Check the Library link above for a list of books I’ve reviewed. The following three are highly recommended.

  • Going Faster! Mastering the Art of Race Driving  – Basically the textbook from the Skip Barber school. Nuff said
  • Ultimate Speed Secrets – It’s one of the best book on performance driving. I’ve read it cover to cover several times. Get the kindle version so you can read it wherever you are.
  • Optimum Drive – My latest favorite driving book and the best thing you can listen to while driving to work. That’s right, it’s available as an audio book.

Nannies: good or bad?

As a driving coach, I get to ride in a lot of cars. Most of them these days have really impressive nannies, by which I mean the combination of anti-lock brakes, traction and stability control. These systems are mandatory on all new cars today in the US and EU and have been for a few years. The reason for this is that nannies save lives. While expert drivers may be able to control a car more effectively without such gadgets, I’d guess that 99.99% of drivers are safer with them. Personally, I’m glad all new street cars have nannies.

As a driving enthusiast and performance driver, what do nannies mean to you?

  • Faster – except for truly advanced drivers, nannies will see you lapping faster.
  • Safer – you’re much less likely to drive off track, spin, or hit something with nannies on.
  • Cheaper – you can read the sensors through the CAN bus and save thousands of dollars on telemetry.
  • Dumber – you won’t know how to control a car that doesn’t have nannies.

In spirit, nannies aren’t much different from an automatic transmission. If you spend all of your time in a car with automatic transmission, you’ll never learn how to operate a clutch or gearbox. How important is shifting to the driving experience? I don’t know. I’ve raced with an automatic transmission and it still felt like racing. Most engines these days automatically advance the ignition timing. Engines didn’t always do that. Have I lost an essential skill of driving because I don’t manually advance timing? I generally don’t think so, but some curmudgeon somewhere probably does.

As a coach, I love getting into a modern car because I know I’m much safer. Even though modern cars have way too much power, they also have nannies to prevent the car from spinning off course. I’ve had several experiences where I thought, “well, this is going to suck” only to have the nannies simply change the shape of the corner and leave me thinking “great car”. I rarely get into such situations and think “great driver” because the driver was the problem, not the solution. However, when I get into a car without nannies and the driver recovers from a difficult situation, all I have is praise for a driver who is learning to “explore the space”.

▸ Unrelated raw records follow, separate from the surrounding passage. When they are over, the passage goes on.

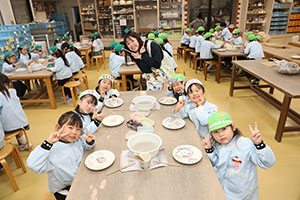 陶芸教室　楽しかったね　年長A・B　NO．2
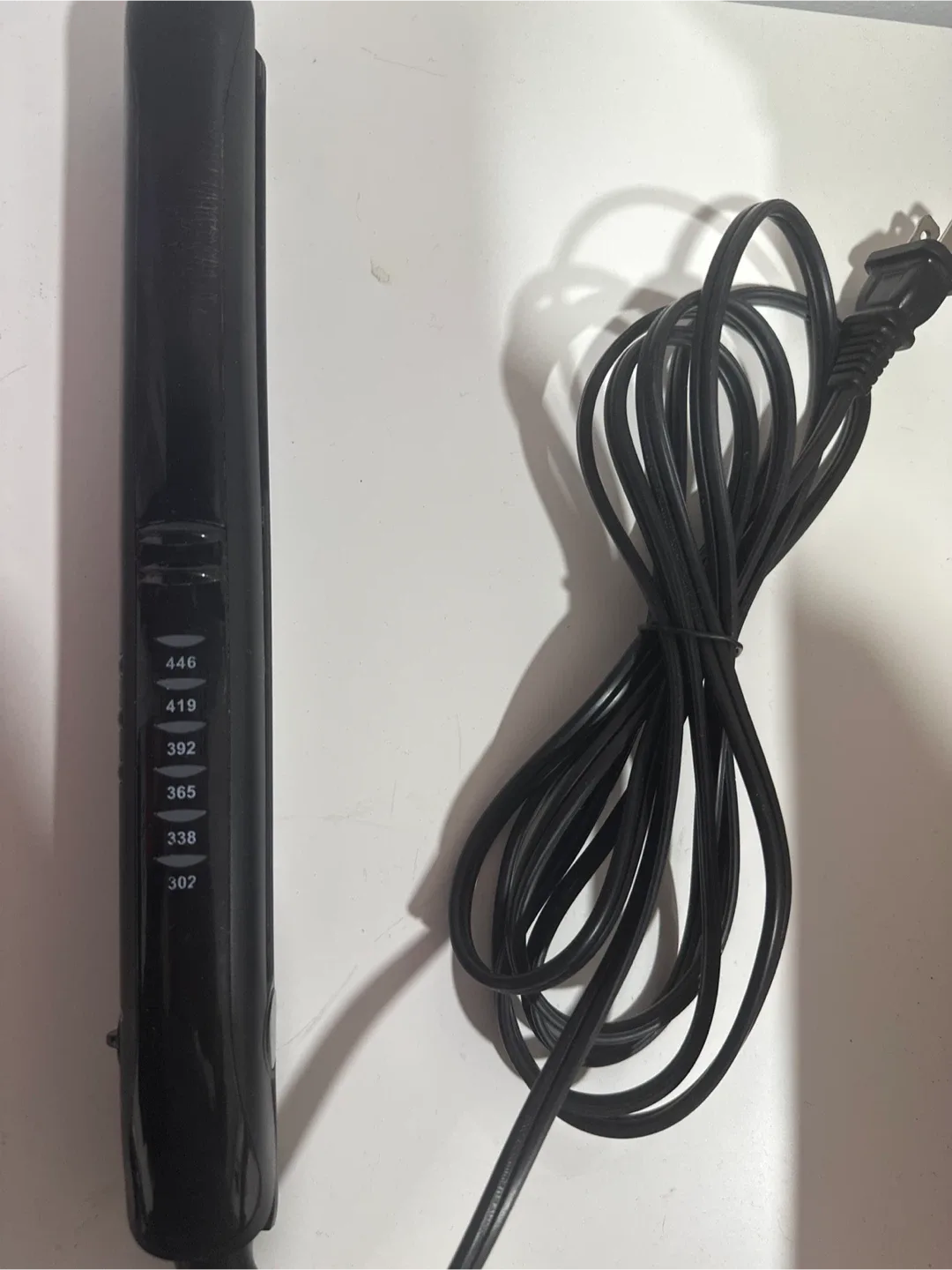 Black Hair Straightener, flat iron image indicator(2)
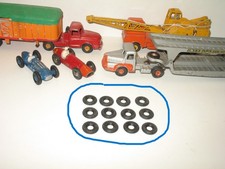 D05, DINKY X 12 pneus bande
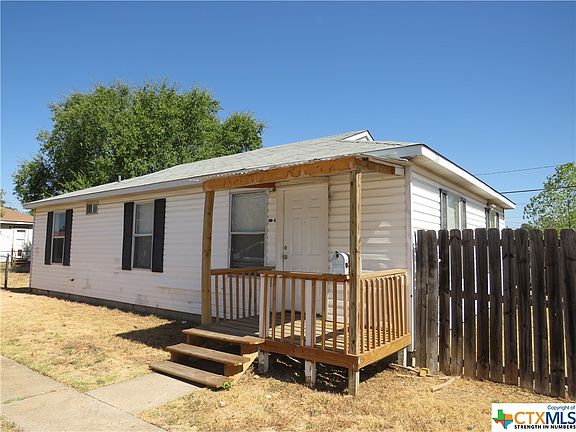 3rd image of 823 Garner Ave APT 1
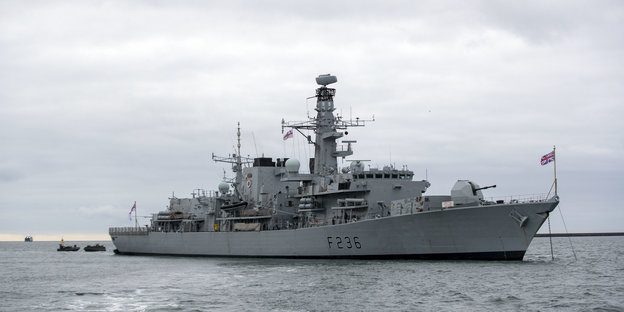 Ein britisches Kriegsschiff im Meer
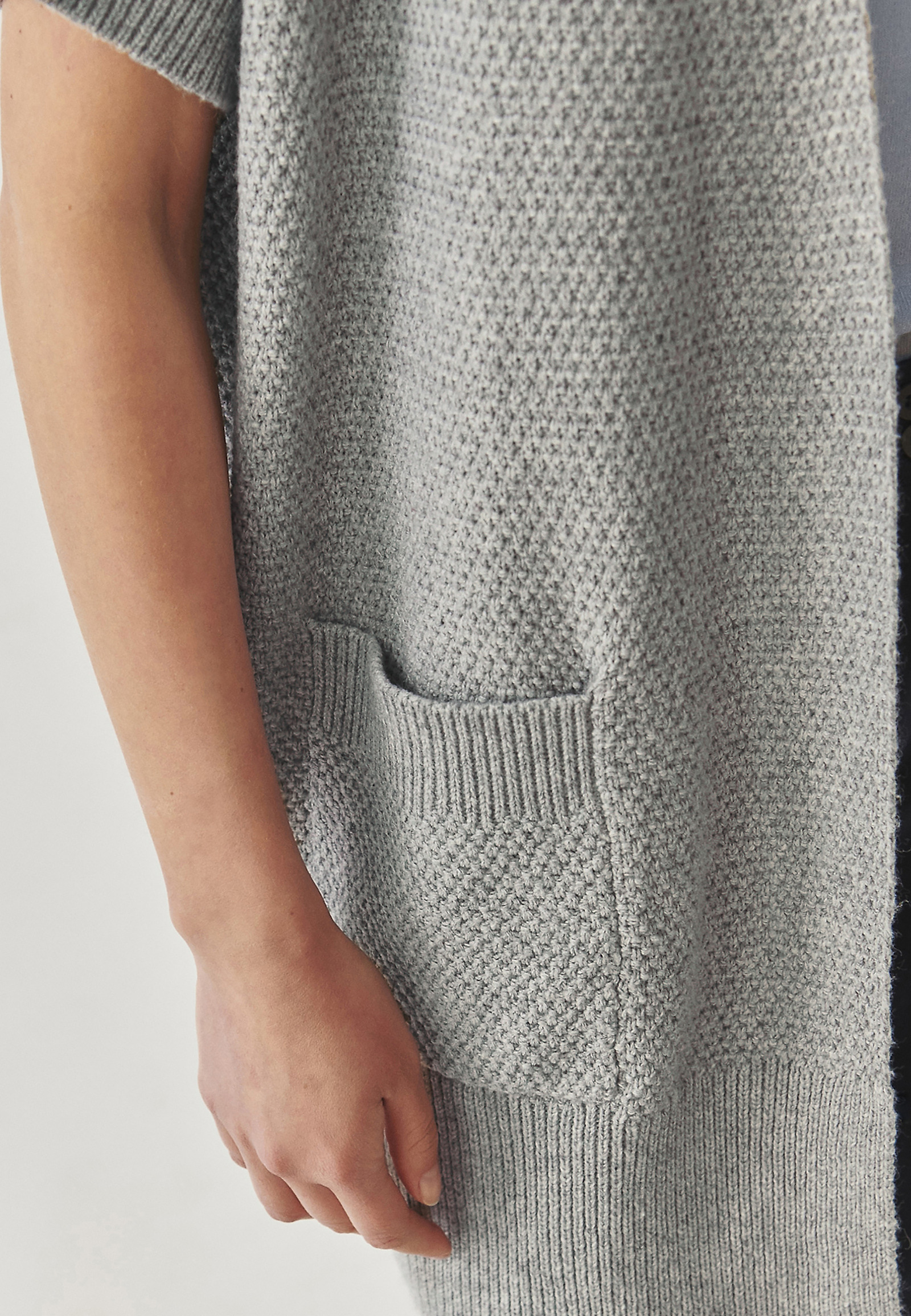 PULOVER DE DAMĂ LUNG, STRUCTURAL, TIP CARDIGAN - PULOVER PULOVER DE DAMĂ LUNG, STRUCTURAL, TIP CARDIGAN - PULOVER GRI 99094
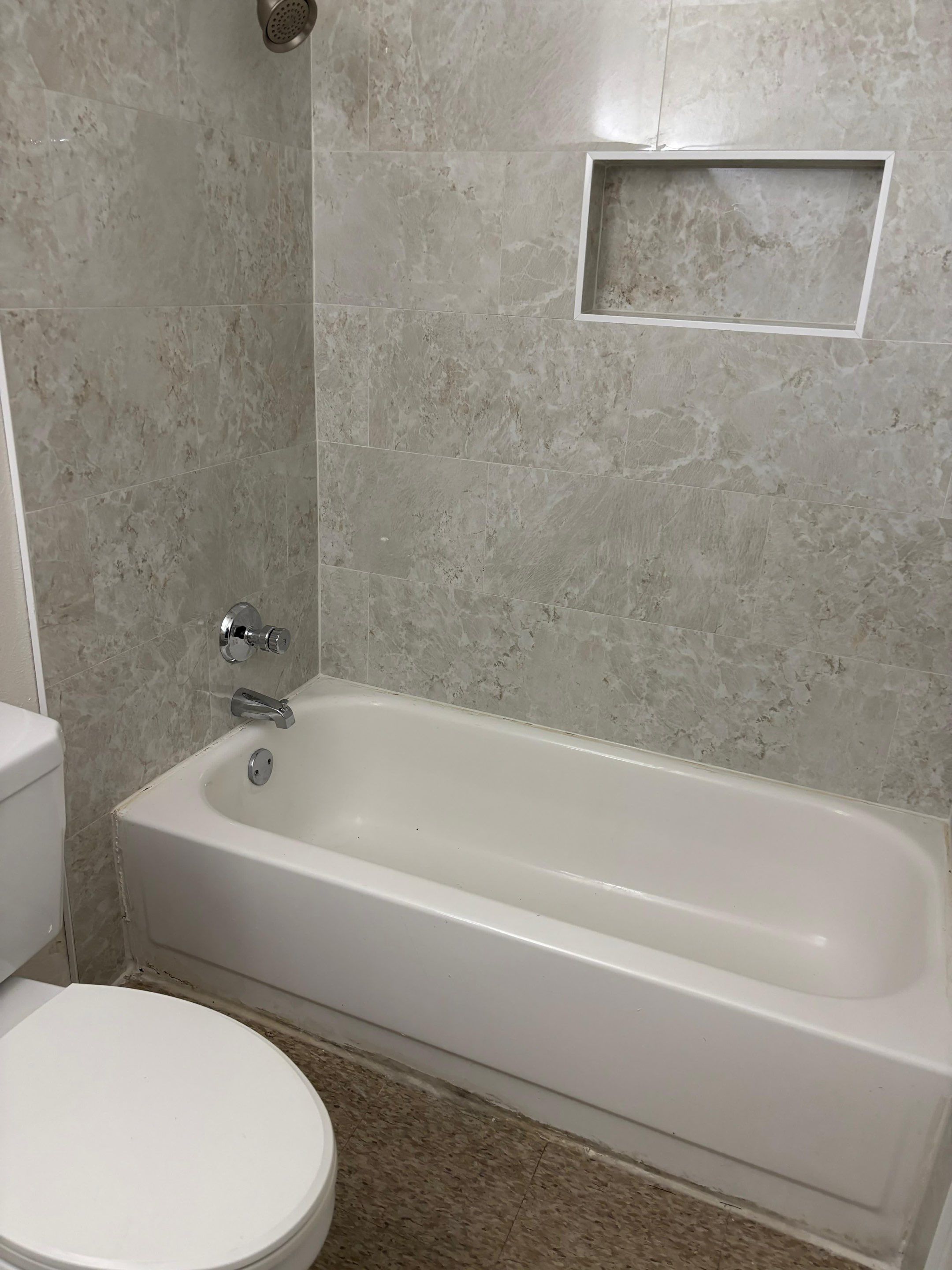 Siding & Bathtub Surround by REH Construction, LLC.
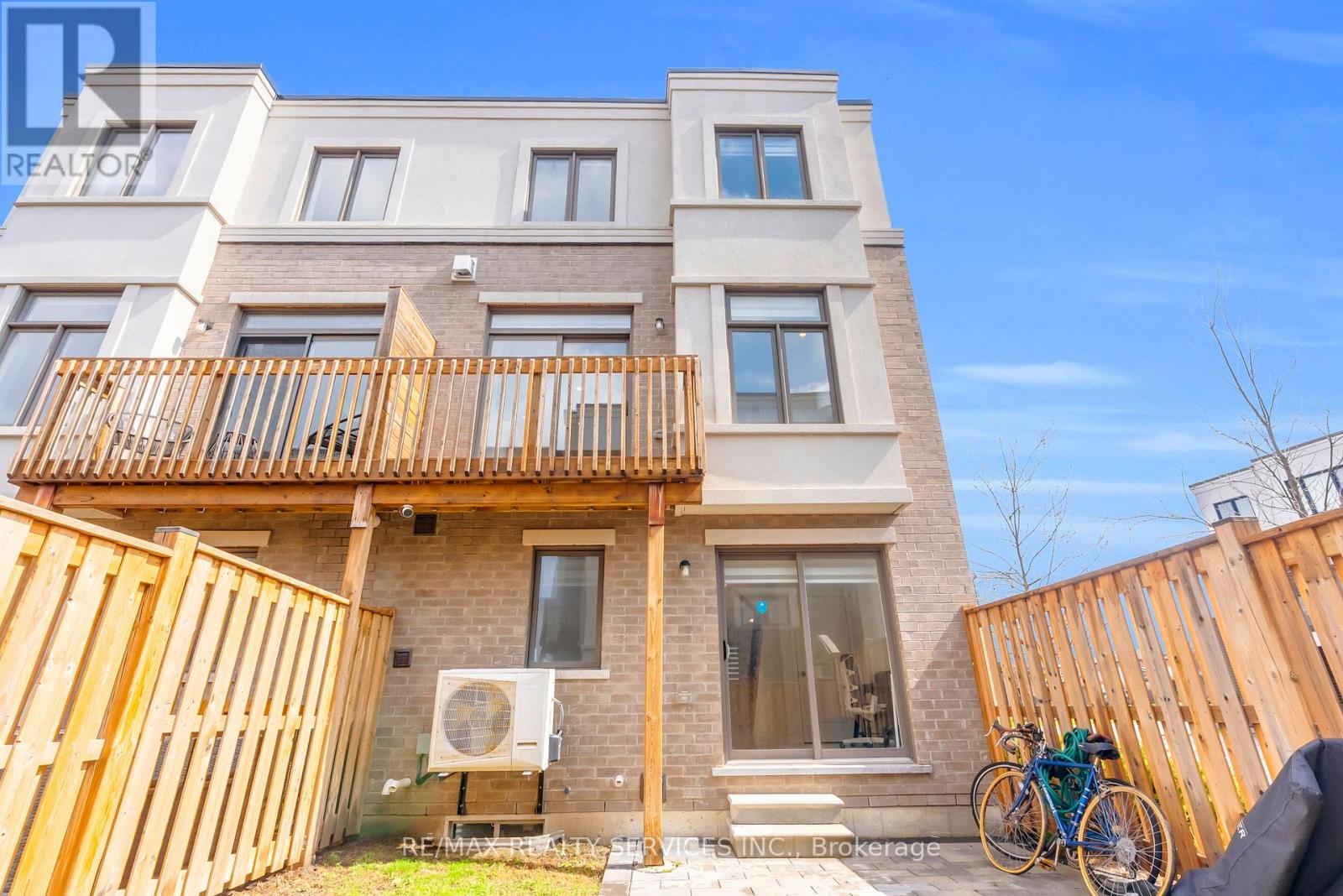 1801 Mitoff Place, Mississauga, Ontario  L4W 0E8 - Photo 39 - W13066016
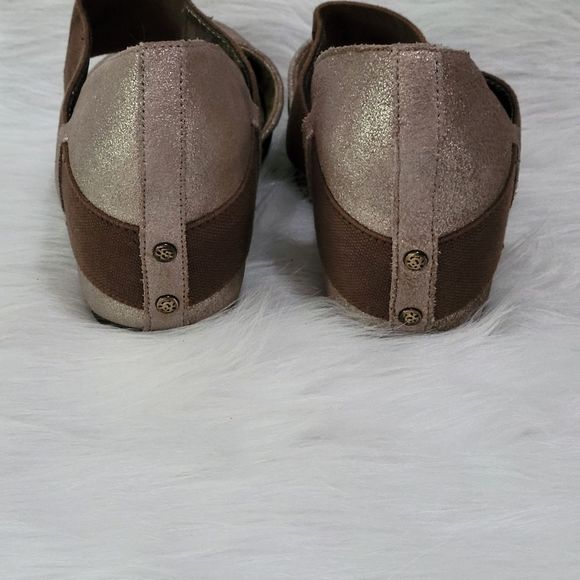 USED IN GREAT CONDITION, OTBT SANDALS IN BRONZE COLOR! - Picture 5 of 7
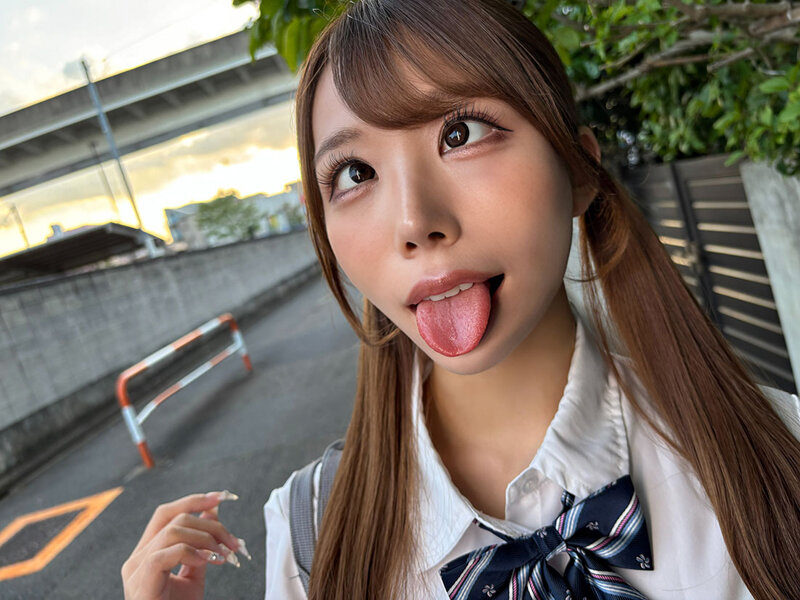 【VR】アヘ顔面特化！ クラスのアイドルがJ●裏バイト！？【顔面最強xアヘ顔】を連発！アヘ顔中出しSEX！！ 尾崎えりか サンプル画像6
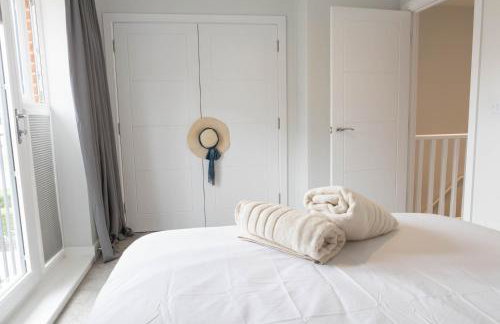 Bensons Hill - Stylish 2-Bed Home with Garden & Parking - Foto 26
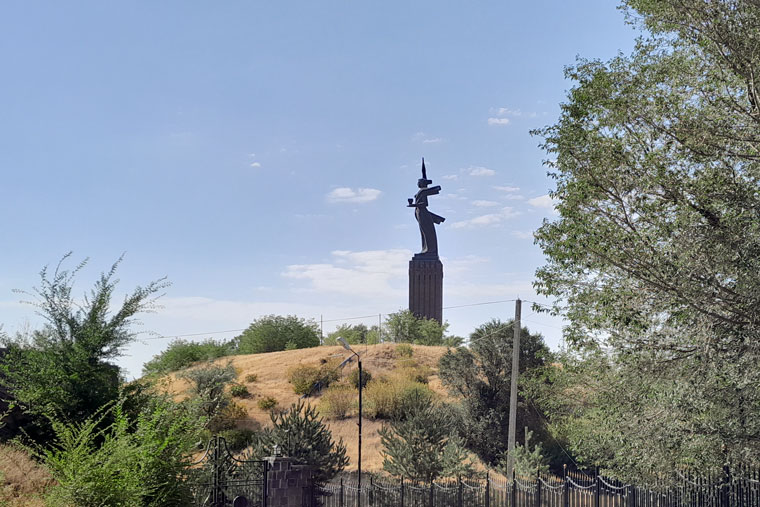 Вид на монумент со стороны Черной крепости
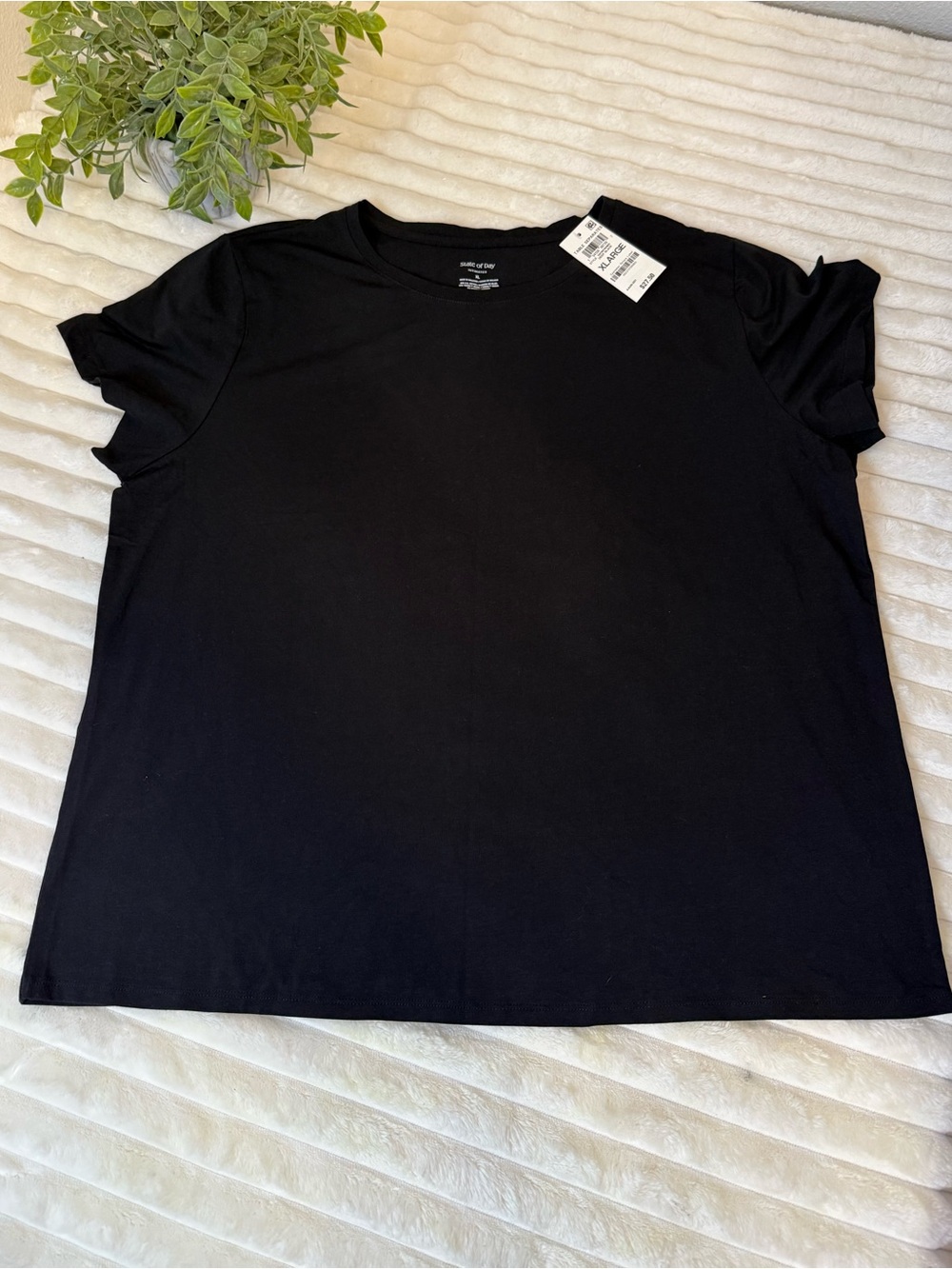 State of Day black lounge tee size XL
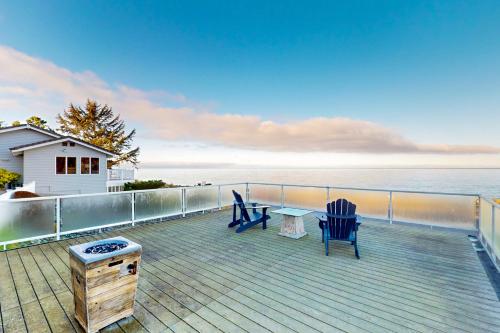 West Beach Retreat — 4-Star Luxury Hotel in Oak Harbor, United States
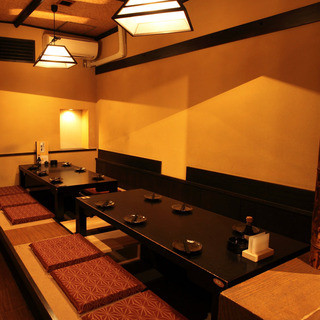 Banquets can be held for up to 12 people with tables and kotatsu seats! !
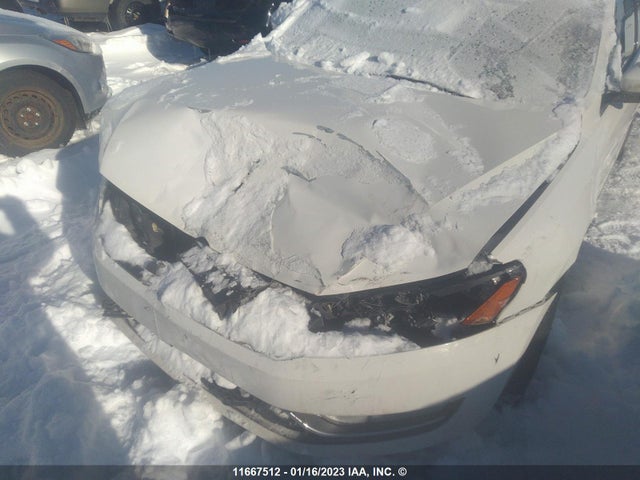 1VWBV7A35FC046701 Volkswagen PASSAT SE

As a learning tool, bicycle training wheels are both a blessing and a curse. They save a lot of scabbed knees and possibly broken bones. But they have a fundamental flaw. When you’re riding a bike, you steer by leaning. Training wheels prevent that. I feel the same way about nannies. They prevent oversteer. However, if you ever want to be able to control oversteer, you’re going to have to experience it. Eventually, the training wheels have to come off if you’re going to learn how to really drive a car.

That said, if you’re going to your first track day, please leave the nannies on. Consider taking them off on your 3rd track day. However, if the car is your daily driver and replacing it would be financially painful, don’t do it. Leave the nannies on to protect yourself and your investment. An older Miata or 3-series is an ideal way to get a nanny-free experience. And if you brick it, it’s not that big a deal.

Of course, you can also get a nanny-free experience driving in simulation. It seems like I talk about the merits of sim racing every week. Well, that’s because it’s such an inexpensive way to train.

Stay the fuck home

Last weekend I was working at the Lemons race at Sonoma. I’ve stopped racing Lemons events at Sonoma because I can’t afford the risk to my car. There are lots of walls, the weather is often rainy, it’s always crowded, and there’s something in the air that makes people drive like ass idiots. Like take this one for example.

This guy has no business being on a race track. Stay the fuck home until you learn how to drive. The event is better off without you. OK, that’s not entirely true. The more the merrier. But honestly, it’s a lot of property damage and an opportunity for serious injury. I’m sure the driver will be much safer next time. It’s too bad the lesson had to be so expensive.

Speaking of the event, I was working at track-out giving drivers a final check before letting them on track. What exactly does this mean?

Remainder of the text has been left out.